Feito isso, o GPIO17 está pronto para controlar o relé. Para acionar o relé, utilize o seguinte comando:

 

echo 1 > value

 

E para desacionar o relé, utilize o comando abaixo:

 

echo 0 > value

 

Você pode ligar uma carga (circuito AC ou DC) na saída do relé e ver tal carga ser acionada ou desacionada mediante comandos feitos na linha de comando do Linux embarcado. Dessa forma, demonstramos o controle de cargas de diversas vias GPIO na linha de comando do Linux, utilizando como hardware uma placa Raspberry Pi.

 

 

Última etapa - liberação do GPIO para uso

No Linux embarcado, quando você faz o export do GPIO (conforme mostrado no tópico “GPIOs no Linux embarcado” deste artigo), você “reserva” para você (usuário) o GPIO, não permitindo que outros usuários acessem o GPIO enquanto você o utiliza.
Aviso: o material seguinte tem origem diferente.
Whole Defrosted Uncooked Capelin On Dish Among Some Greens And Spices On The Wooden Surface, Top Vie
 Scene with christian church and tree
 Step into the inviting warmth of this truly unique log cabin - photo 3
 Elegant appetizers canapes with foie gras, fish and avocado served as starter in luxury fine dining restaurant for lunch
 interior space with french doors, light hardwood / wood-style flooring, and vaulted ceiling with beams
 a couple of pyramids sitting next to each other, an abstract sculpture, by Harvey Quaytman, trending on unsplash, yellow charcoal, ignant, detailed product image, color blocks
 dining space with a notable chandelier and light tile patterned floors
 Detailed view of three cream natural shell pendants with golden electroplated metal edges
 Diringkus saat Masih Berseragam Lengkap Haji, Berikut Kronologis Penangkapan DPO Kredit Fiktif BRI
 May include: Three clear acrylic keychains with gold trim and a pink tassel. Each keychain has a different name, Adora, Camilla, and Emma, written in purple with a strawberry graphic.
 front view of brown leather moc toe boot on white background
Dessa forma, após o uso do GPIO, é necessário liberar para uso de outros o GPIO que você utilizou. Este procedimento é chamado de unexport.

Para fazer essa liberação, considerando o mesmo GPIO17 dos exemplos anteriores, utilize o comando abaixo:

 

echo 17 > /sys/class/gpio/unexport

 

Você perceberá que o diretório gpio17 (localizado dentro do diretório /sys/class/gpio) irá sumir. Isso significa que você (seu usuário Linux) não detém mais o poder de uso deste GPIo e que este pode ser utilizado por outros usuários.

 

Conclusão

Neste artigo, vimos o que são e como funcionam os GPIOs no Linux embarcado, via linha de comando. Ainda, você aprendeu como utilizar um GPIO como entrada ou saída digital, conforme necessidade de seu projeto.

Para demonstrar o conteúdo aprendido, foi feito um experimento simples porém muito útil: o acionamento de um relé via GPIO, na linha de comando. Com esse experimento, você é capaz de acionar quaisquer cargas DC ou AC que estejam dentro dos limites de operação do relé utilizado. Isso permite que uma Raspberry Pi controle desde pequenas até grandes cargas. Esse tipo de abordagem abre possibilidades diversas de projetos e aplicações, tanto para fins de teste e experimentação quanto para fins de automação.